Complex Strategy Drives The Fabulous Fear Machine

The Fabulous Fear Machine Preview

Forget optimism, kids. We live in a world dominated by any number of fears. Climate change, bioterror, out of control AI — these are just a few of the little imps hiding under the comfy bed of civilization. Worse yet, there are any number of people and organizations happy to exploit fear for their own power. That’s the elevator pitch for The Fabulous Fear Machine, a new strategy game from developer Fictiorama Studios.

Probably the first thing you’ll notice about The Fabulous Fear Machine is its comic-book art style. Everything looks ripped from the pages of a colorful — albeit gloom and doom-focused — comic. The actual game “board” is represented by a stylized tabletop map made of cardboard. The two approaches work, though I wonder why the map wasn’t just comic-book consistent. No matter.

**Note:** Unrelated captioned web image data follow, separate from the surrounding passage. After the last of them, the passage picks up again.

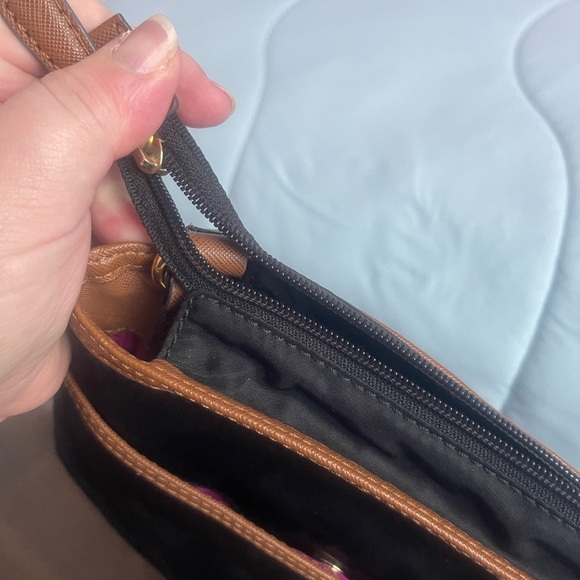 Black Michael Kors Cross-body Bag with Camel Trim - Picture 7 of 10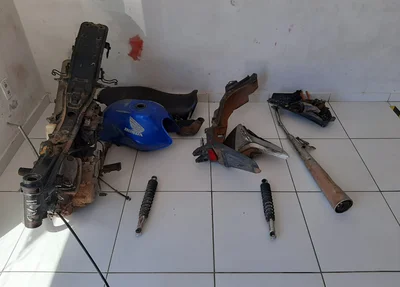 Parte do que restou da motocicleta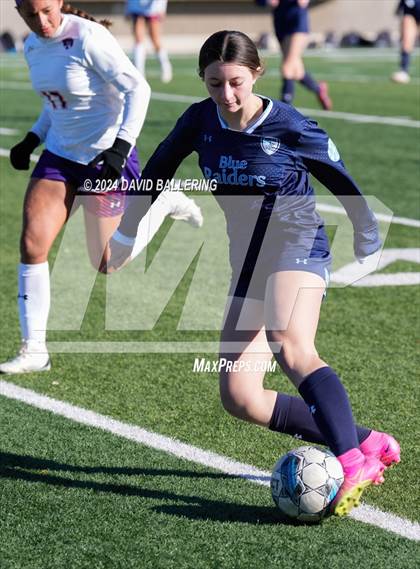 Thumbnail 3 in Bell vs. Eastlake (Blue Raider Invitational) photogallery.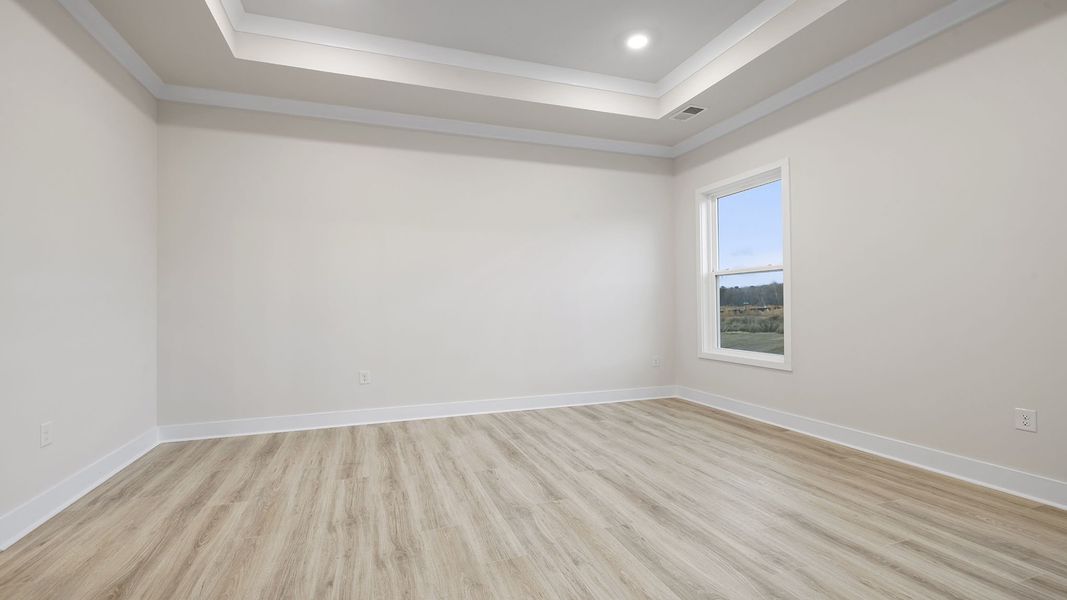 Spacious, unfurnished interior of a new home in Seven Oaks, Greenwood (Image 28).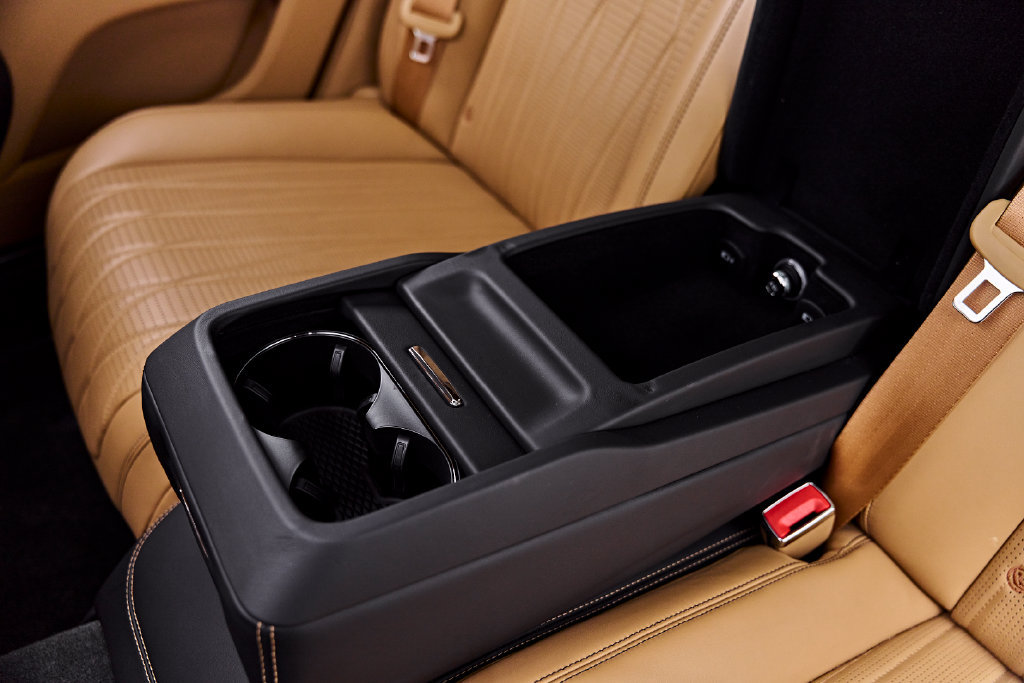 Used 2022 Bentley Flying Spur V8 AWD/4WD image 50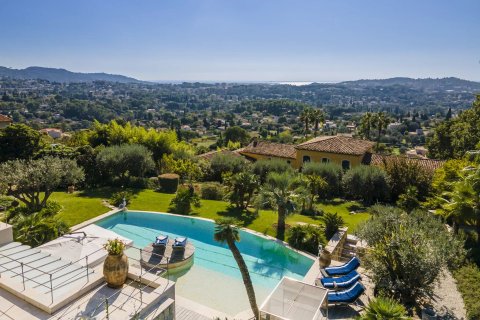 5 bedrooms Villa in Mougins, France No. 69145 1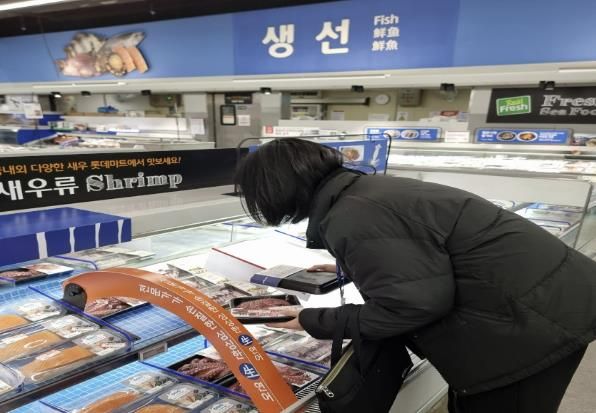 시 관계자가 한 마트에서 설 명절을 맞아 다소비 품목 원산지표시 지도 점검을 하고 있다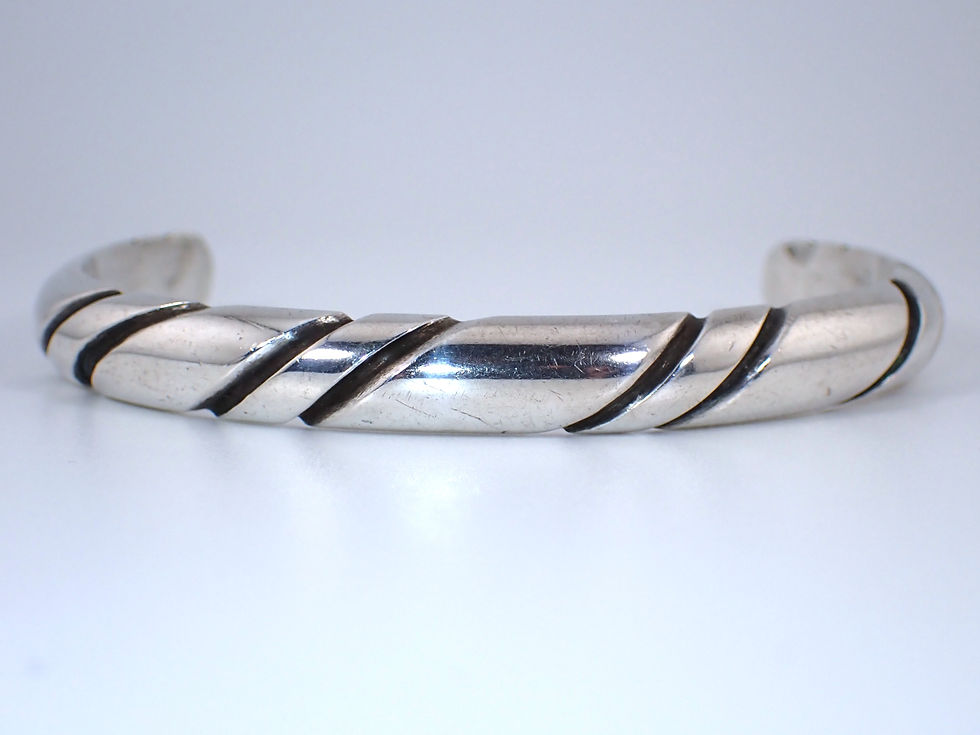 Thumbnail: 1940's Vintage Solid 950 Silver Simple Linear Design Unisex Cuff Bracelet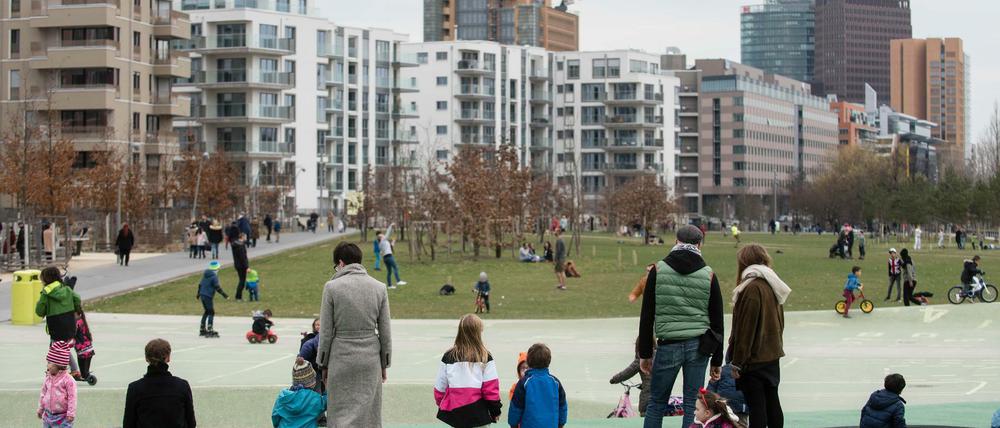 Im Park beim Gleisdreick wurde ein Mann überfallen.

While we’re talking about aesthetics, the preview is really bare bones in the audio department. For instance, the tutorial featured no sound at all. No music, no voiceovers, no audio effects for the cards being played. This could have been a glitch, because bugs abounded, including a game-crasher that forced me to replay the requisite tutorial twice. It’s clear that this machine still needs some grease and wrenching.

Wheels Within Wheels

All that aside, the core of The Fabulous Fear Machine is not dependent on graphics or art. It’s a narrative-driven single-player strategy game, with a strong emphasis on horror and fear. The scary stuff isn’t personal though, but societal and global.

Although its tutorial does a pretty awful job of sailing players across a sea of jargon and mechanics, the premise is sort of simple. You are a fearmonger, trying to terrorize the population more effectively than other masters of the scary. Blend together a little Sid Meier’s Civilization, Risk, and your favorite deck builder: that’s The Fabulous Fear Machine.

You start with a country, some fictional and some real-world. You place an agent in the capitol, and pick a Terror that you’d like to inflict your population with. These are all mental/emotional fears. So, you want the people to be immobilized by fear of a climate crisis; you’re not actually causing a climate catastrophe. The Terrors are your basic bread-and-butter existential nightmares like the fear of death or a biblical plague. Some “messages” (the game’s equivalent of quests) require the spread of a specific terror.

As the angst spreads you earn Oleum (in real life a highly corrosive acid), which is kind of a cross between a currency and action points in an RPG. Your agent in a country or city is just a pawn. The end goal is to create a region-wide Legend and cause the most mental anguish.

Fearful Nesting Dolls

The above description only hints at the game’s systems, subsystems, and jargon. While I enjoyed the game’s comic art, the Fabulous Fear Machine’s vague and very similar sounding terms for actions and mechanics are both confusing and pretty poorly explained. The challenge of any complex strategy game is introducing its concepts in a slow, methodical and entertaining way. Between now and launch in 2024, this needs to be a goal.

I would never suggest that a creator of games, fiction, or any other media shy away from any subject matter that interests them. The world needs serious, challenging,  and lighthearted entertainment and every shade in between. There’s a dark comic sensibility to the Fabulous Fear Machine that I totally get, and which the developers unapologetically embrace. There’s some silliness, and nothing’s taken too seriously. Some might say that a game in which the goal is to spread misery and emotional anguish — comic exaggeration or not — is just a little too close to the real world. But, to paraphrase the theme song from MST3K, “relax, it’s just a game.”